We are in the design phase for product. The idea is that the code will read a list of values from Excel into SQL.
The requirements are as follows:
Workbook may be accessed by multiple users outside of our program
Workbook must remain accessible (i.e. not be corrupted) should something bad occur while our program is running
Program will be executed when no users are in the file
Right now we are considering using
pandas in a simple manner as follows:
import pandas as pd from pandas import ExcelWriter from pandas import ExcelFile df = pd.read_excel('File.xlsx', sheetname='Sheet1') """Some code to write df in to SQL"""
If this code goes offline with the Excel still open, is there ANY possibility that the file will remain locked somewhere in my program or be corrupted?
To clarify, we envision something catastrophic like the server crashing or losing power.
Searched around but couldn’t find a similar question, please redirect me if necessary.

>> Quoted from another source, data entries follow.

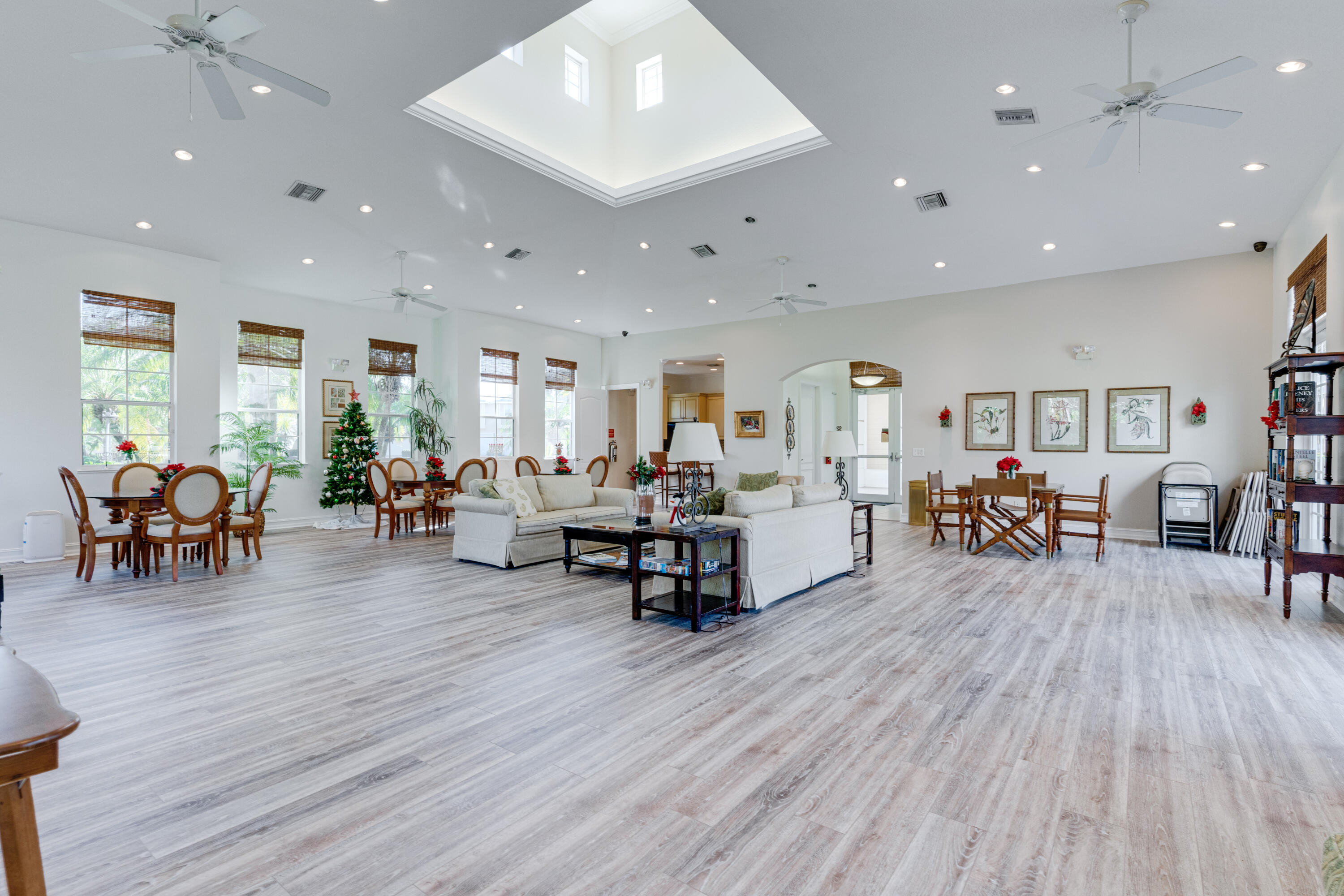 2005 Bridgepointe Circle, Unit 99 Vero Beach, FL 32967 - Photo 32 of 37 a living room with furniture and a wooden floor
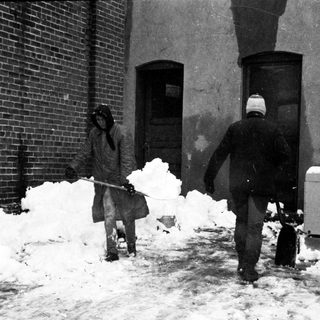 People shoveling heavy snow outside a building.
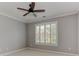 Spacious bedroom with neutral walls, ceiling fan, crown moulding, and a window with plantation shutters at 3348 Perrington Pointe, Marietta, GA 30066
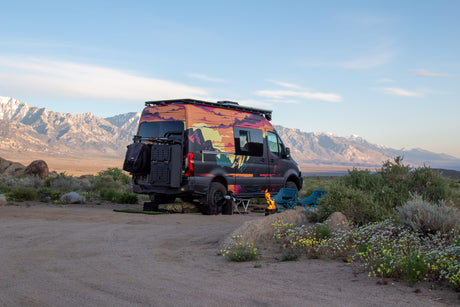 This colorful RV rental is perfectly set up for a desert camping adventure with a fire pit and mountain views.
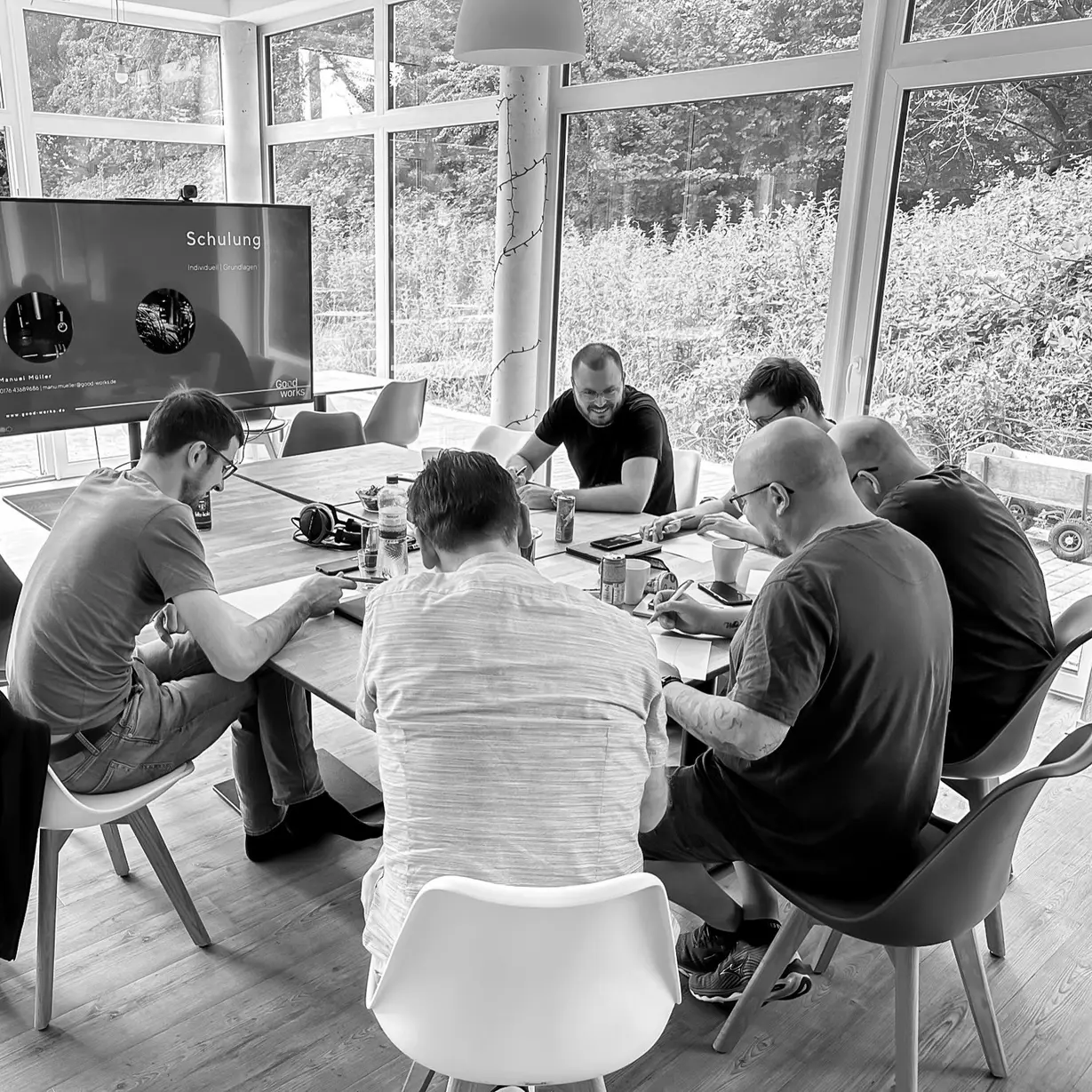 Six people sitting around a table in a bright room with large windows, engaged in discussion and writing, with a screen displaying a presentation titled 'Schulung'.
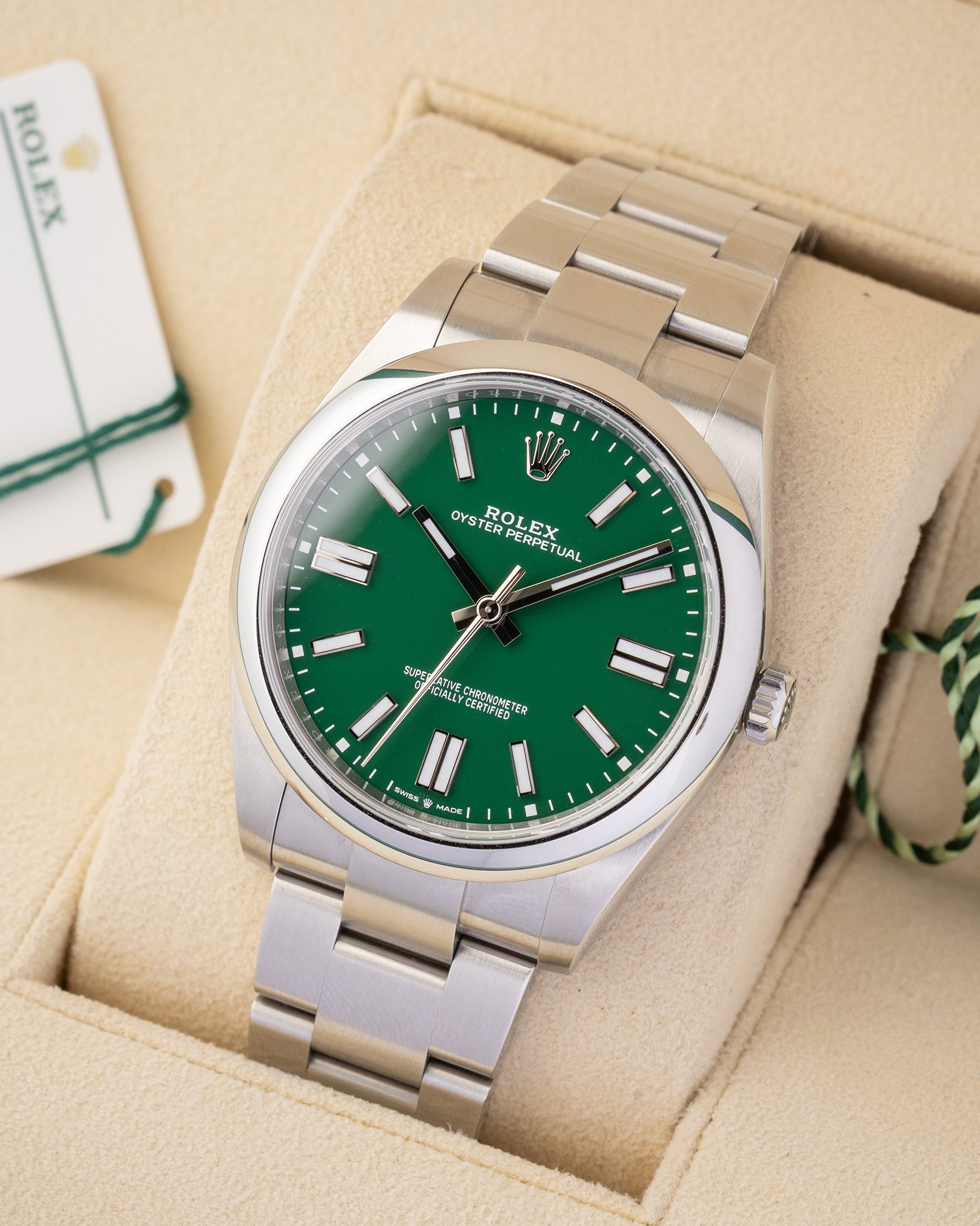Angled view of pre-owned 2022 Rolex Oyster Perpetual 41mm reference 124300 featuring a green dial and smooth steel bezel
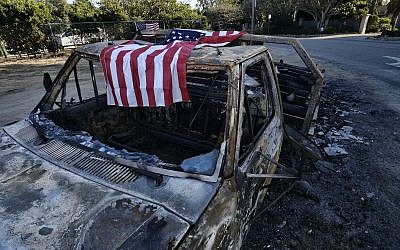 An American flag is draped over the charred remains of an old pickup truck entering Point Dume along the pacific coast highway in Malibu, California, on November 11, 2018. (AP Photo/Richard Vogel)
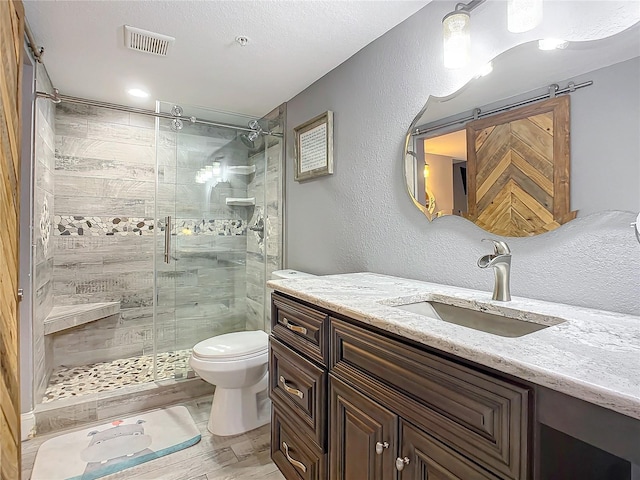 bathroom with an enclosed shower, toilet, a textured ceiling, and large vanity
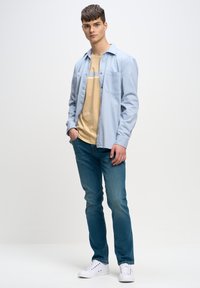 Camisa abotonada azul clara sobre una camiseta beige con una raya blanca y azul, combinada con jeans azules y zapatillas blancas.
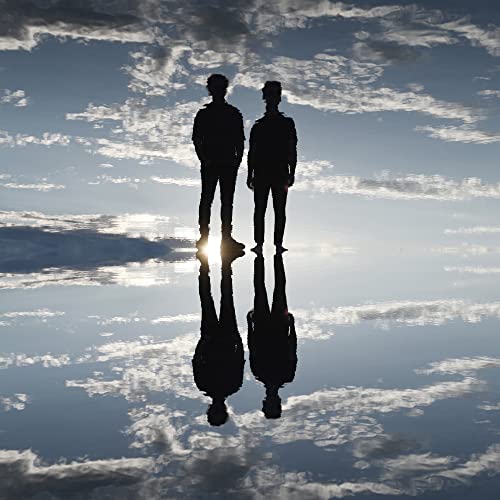 Silhouettes of two men reflected in a cloudy, watery surface.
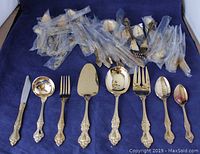 Gold plated flatware pieces arranged on blue background, showing multiple utensils including various spoons, forks, ladles, and serving pieces. Pieces are used but well maintained.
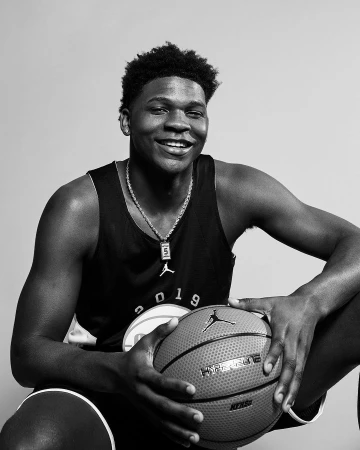 Portrait of Anthony Edwards smiling while holding a basketball, wearing a tank top against a plain studio background.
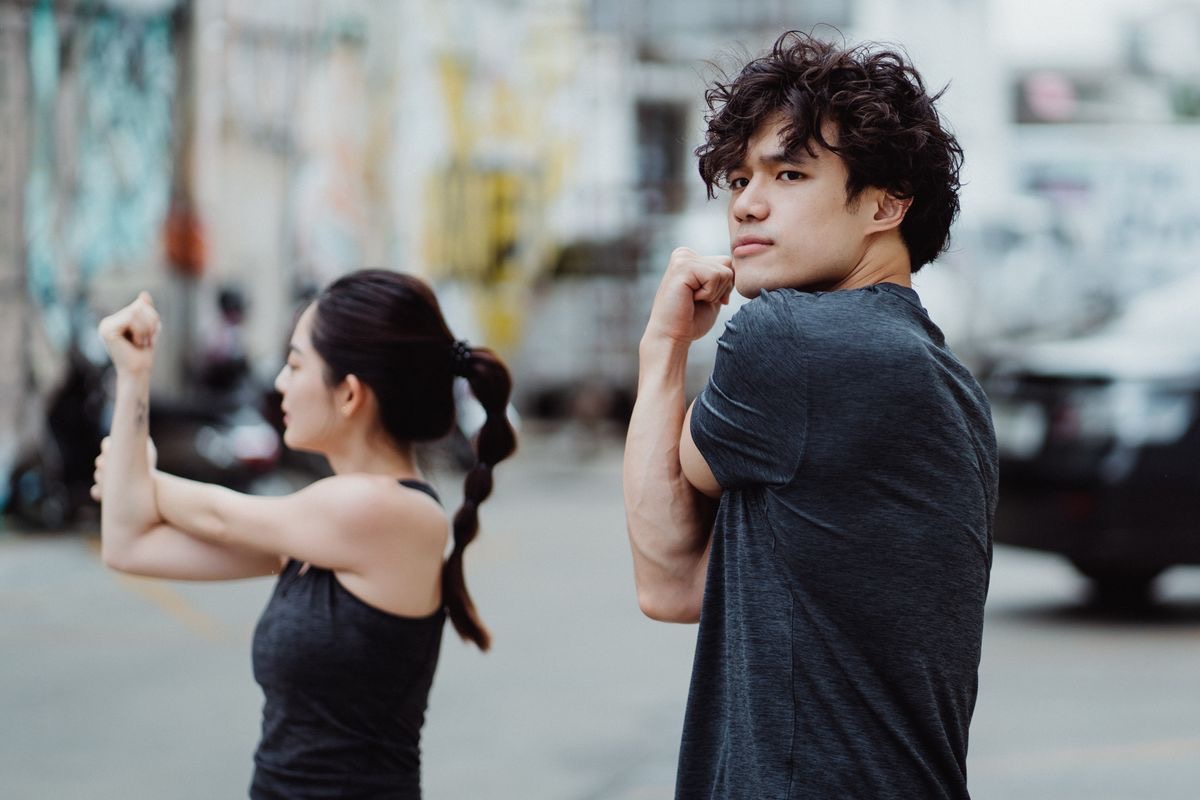 two young people stretching their arms across their chests before a run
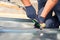 Roofer builder worker finishing folding a metal sheet using rubber mallet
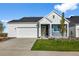 Charming home featuring a two-car garage, blue and white siding, a well-manicured lawn and a covered entryway at 761 Muturu Rd, Johnstown, CO 80542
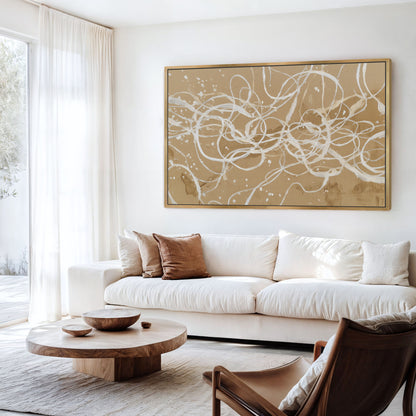 Neutral abstract linework artwork with gold frame in bright modern living room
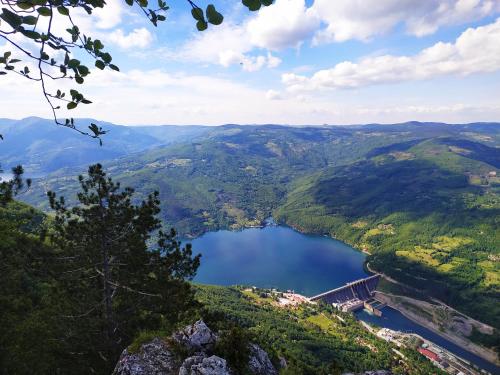 a view of a lake in the mountains with a bridge at Dren Chalet Lux - Banjska stena in Perućac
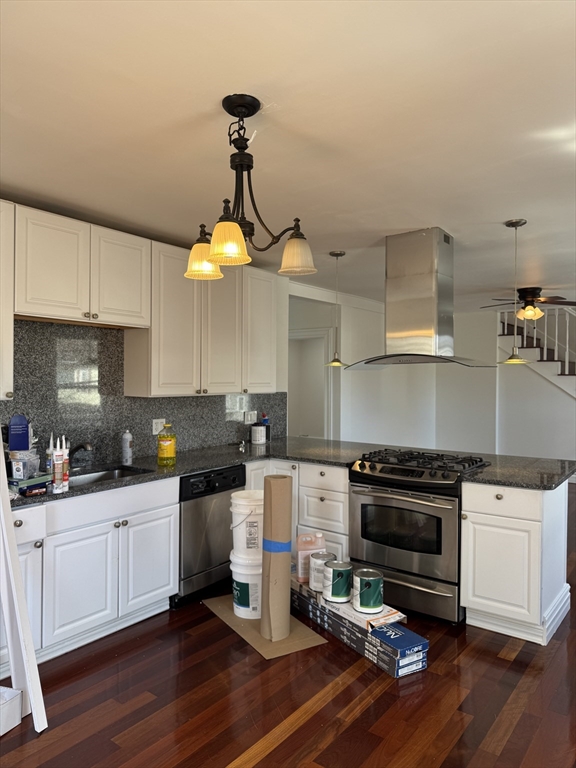 16 Cottage Street, Unit 2 Lynn, MA 01905 - Photo 3 of 25 a kitchen with a sink cabinets and wooden floor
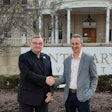 Bruce Murphy, president of Centenary University, left, shakes hands with Dr. Tal Ben-Shahar, right.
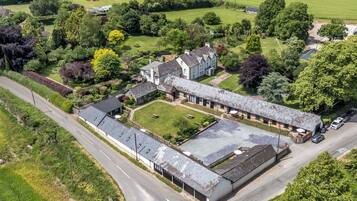 An aerial view of a large, historic building with multiple wings, surrounded by lush greenery and a well-maintained lawn.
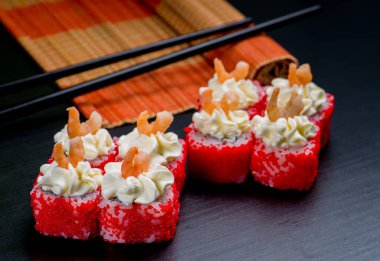 Japon suşisi ve siyah bir arka planda rulo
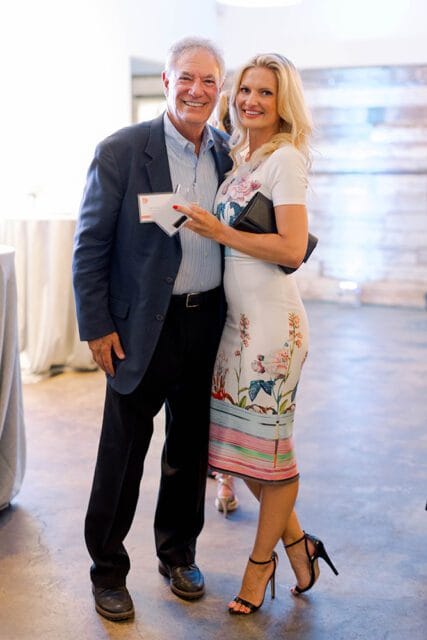 Man in a navy blazer and woman in a floral dress smiling at an event.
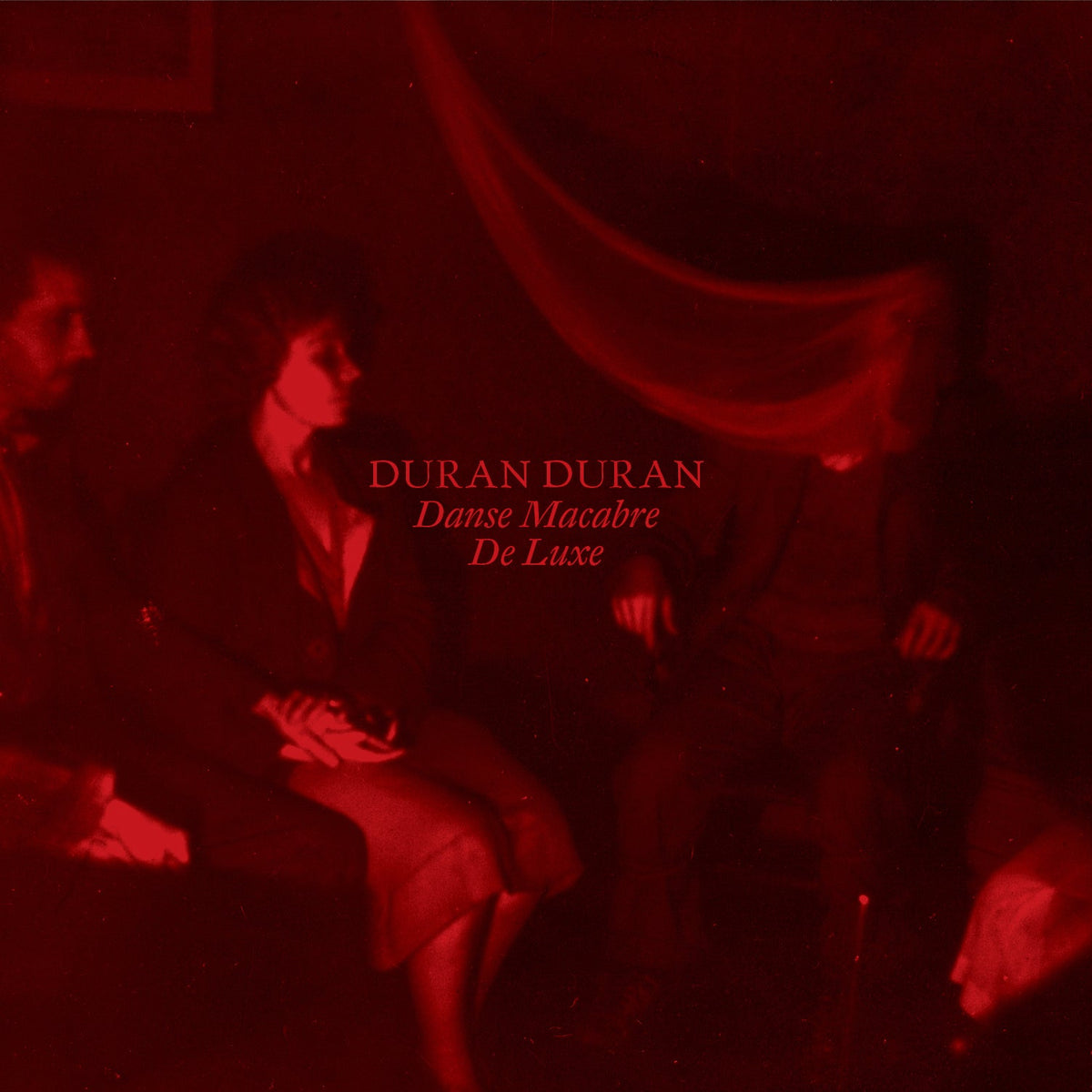 Duran Duran “Danse Macabre: De Luxe” CD cover, red-toned, blurred figures.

I also read through Pandas read_excel documentation here: https://pandas.pydata.org/pandas-docs/stable/reference/api/pandas.read_excel.html
With the code you provide, from my reading of the pandas and xlrd code, the given file will only be opened in read mode. That should mean, to the best of my knowledge, that there is no more risk in what you’re doing than in reading the file any other way – and you have to read it to use it, after all.
If this doesn’t sufficiently reassure you, you could minimize the time the file is open and, more importantly, not expose your file to external code, by handing pandas a
BytesIO object instead of a path:
import io import pandas as pd data = io.BytesIO(open('File.xlsx', 'rb').read()) df = pd.read_excel(data, sheetname='Sheet1') # etc
This way your file will only be open for the time it takes to read it into memory, and pandas and xlrd will only be working with a copy of the data.